━━ RECORD EXTRACTS ━━
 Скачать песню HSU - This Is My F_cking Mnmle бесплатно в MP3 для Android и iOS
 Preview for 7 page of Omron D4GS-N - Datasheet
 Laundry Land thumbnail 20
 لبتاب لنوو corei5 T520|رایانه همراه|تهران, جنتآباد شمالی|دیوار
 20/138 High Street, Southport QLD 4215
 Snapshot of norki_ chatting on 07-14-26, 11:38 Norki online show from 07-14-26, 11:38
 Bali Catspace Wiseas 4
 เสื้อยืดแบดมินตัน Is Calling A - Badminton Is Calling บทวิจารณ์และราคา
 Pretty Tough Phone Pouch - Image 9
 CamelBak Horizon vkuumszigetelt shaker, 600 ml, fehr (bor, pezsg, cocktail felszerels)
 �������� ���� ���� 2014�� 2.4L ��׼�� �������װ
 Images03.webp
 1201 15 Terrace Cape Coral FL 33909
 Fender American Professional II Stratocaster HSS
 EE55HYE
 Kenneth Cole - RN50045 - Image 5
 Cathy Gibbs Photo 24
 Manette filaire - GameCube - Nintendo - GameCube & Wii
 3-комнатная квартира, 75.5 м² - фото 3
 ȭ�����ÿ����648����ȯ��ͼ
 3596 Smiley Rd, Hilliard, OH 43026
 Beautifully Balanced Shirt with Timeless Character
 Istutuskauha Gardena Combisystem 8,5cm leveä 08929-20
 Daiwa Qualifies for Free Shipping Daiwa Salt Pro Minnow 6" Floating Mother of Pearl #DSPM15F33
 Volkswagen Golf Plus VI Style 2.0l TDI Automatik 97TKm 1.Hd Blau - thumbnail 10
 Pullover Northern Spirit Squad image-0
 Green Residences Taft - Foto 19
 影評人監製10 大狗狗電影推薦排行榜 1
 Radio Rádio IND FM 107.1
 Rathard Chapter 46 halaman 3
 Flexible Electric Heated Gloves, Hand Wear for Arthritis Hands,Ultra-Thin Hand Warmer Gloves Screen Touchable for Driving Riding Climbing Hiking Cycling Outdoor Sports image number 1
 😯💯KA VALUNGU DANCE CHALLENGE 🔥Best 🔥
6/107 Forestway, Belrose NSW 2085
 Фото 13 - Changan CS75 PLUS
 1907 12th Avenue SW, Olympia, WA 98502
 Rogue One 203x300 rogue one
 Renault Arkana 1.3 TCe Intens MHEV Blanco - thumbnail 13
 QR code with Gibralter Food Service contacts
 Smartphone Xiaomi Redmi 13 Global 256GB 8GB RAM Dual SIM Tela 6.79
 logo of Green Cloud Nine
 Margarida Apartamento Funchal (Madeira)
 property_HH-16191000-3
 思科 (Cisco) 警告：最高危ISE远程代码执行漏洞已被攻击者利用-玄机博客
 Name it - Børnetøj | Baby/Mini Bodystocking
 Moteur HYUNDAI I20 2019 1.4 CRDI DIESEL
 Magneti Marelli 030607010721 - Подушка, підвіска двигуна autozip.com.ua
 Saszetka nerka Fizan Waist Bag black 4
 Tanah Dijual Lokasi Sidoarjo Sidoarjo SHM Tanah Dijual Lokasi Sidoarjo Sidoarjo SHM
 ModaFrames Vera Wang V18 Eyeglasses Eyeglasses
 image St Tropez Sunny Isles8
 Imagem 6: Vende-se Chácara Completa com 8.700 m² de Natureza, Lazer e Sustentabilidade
━━━
* WHAT NEEDS TO BE DONE
In the listing above, locate the line with "Pullover Northern Spirit Squad image-0" and the line with "Rathard Chapter 46 halaman 3", then extract exactly those lines and every line between them, and nothing more.

* REPLY TO THE EXERCISE
 Pullover Northern Spirit Squad image-0
 Green Residences Taft - Foto 19
 影評人監製10 大狗狗電影推薦排行榜 1
 Radio Rádio IND FM 107.1
 Rathard Chapter 46 halaman 3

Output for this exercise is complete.